His next meeting is a private one. According to the visitor's book, it's with Lord Wakeham, the Chairman of the Press Complaints Commission. There's much to discuss: the privacy White Paper which probably isn't going to happen and Lord Wakeham's controversial wish to appoint to the commission Sir Bernard Ingham.

This morning Dorrell was in Cabinet committee, then in Cabinet, then he spent half an hour preparing the three speeches he is giving today. "That's quite a heavy day," he says. "Three public appearances which are more than just pleasantries."

As if to refute those who accuse him of philistinism, he has had a week of culture. Official visits to the Royal National Theatre, the Royal Opera House and the British Museum. Sharing a joke with the ubiquitous Hugh Grant at the launch of the second London Arts Season. An after-dinner speech to the Society of London Theatres. Attendance at the relaunch of the Business Sponsorship Incentive Scheme (now to be known as the Pairing Scheme). How arty can you get? Unless, heaven forbid, these were his first arts engagements since he took office...

It's easy to be sarcastic, but Dorrell, who in the Eighties ran his family's clothing company (six factories and a multi-million pound turnover), shouldn't be underestimated. The London Evening Standard once said of him that he was so far to the left of the Conservative Party he was in danger of falling off. Yet he is firmly in favour of privatisation and opponents fear that he is out to privatise the arts.

Tourism is Dorrell's big thing, and it's through tourism that he sees culture functioning in the future. "Tourism is in National Heritage and not Trade and Industry because it's an economic opportunity for culture," he tells me. "If it is my job to make the heritage sector grow - and I think it is - then tourismis a large part of the answer to the question, Where will the resources come from?"

At tea-time there is to be a perfect match of two of his department's responsibilities when Dorrell uses the latest broadcasting technology to deliver a speech promoting tourism from the basement of the National Heritage offices to a lunch in New York. The occasion is the launch of a British Tourist Authority video and Dorrell, speaking on autocue, will be linked live by satellite.
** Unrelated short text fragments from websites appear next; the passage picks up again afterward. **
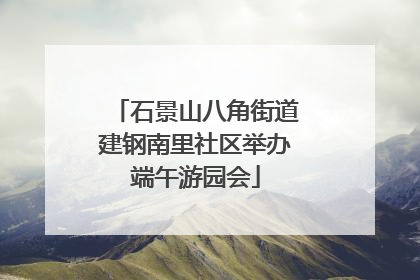 石景山八角街道建钢南里社区举办端午游园会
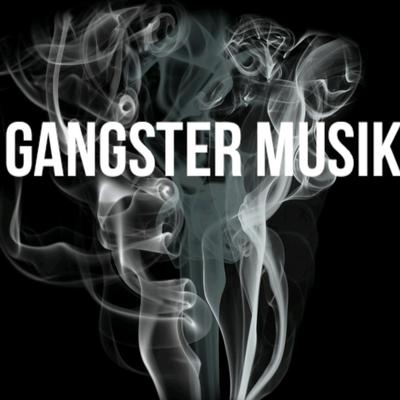 Gangster Musik's cover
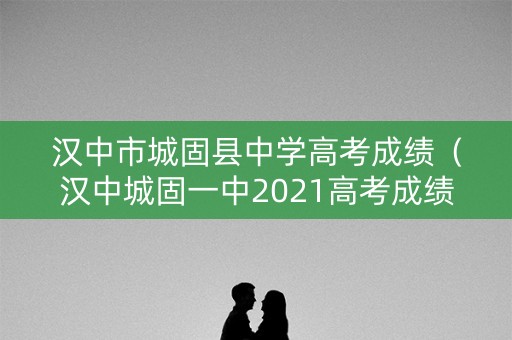 汉中市城固县中学高考成绩（汉中城固一中2021高考成绩）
Whoops. It doesn't happen. The satellite link fails and the lunch goes on without him. So he arrives a little early at the Royal Society for the Encouragement of Arts, Manufacture and Commerce, where he's presenting the Art for Architecture awards.

The occasion is essentially M & S man among the bow ties. For a man who only has 24 hours in his day, it must be galling to have to sit through four other speeches before he gets his turn. Especially when the others say all there is to say about the winning scheme, which is based around the largely Victorian Wakefield Cathedral. One even quotes Dorrell himself at length.

Still, he has a go. He refers to himself again by the dread word "layman" - a claim that after eight months in office should be wearing a bit thin. He expresses a few platitudes about the winning scheme, inadvertently referring to the cathedral as Victorian rather than "largely Victorian".

In such innocuous ways can he demonstrate, in the eyes of the arts lite, his lack of suitability for his job. As he heads off with a small entourage to make a speech at the Tower of London launch of the video, I overhear two bow ties talking. One indicates the representation of the Cathedral on the cover of the Award programme. "Did you hear the Secretary of State say it was a Victorian cathedral? Look at that tower. It's much older." He fingers his bow tie and sneers: "Still, what do you expect?"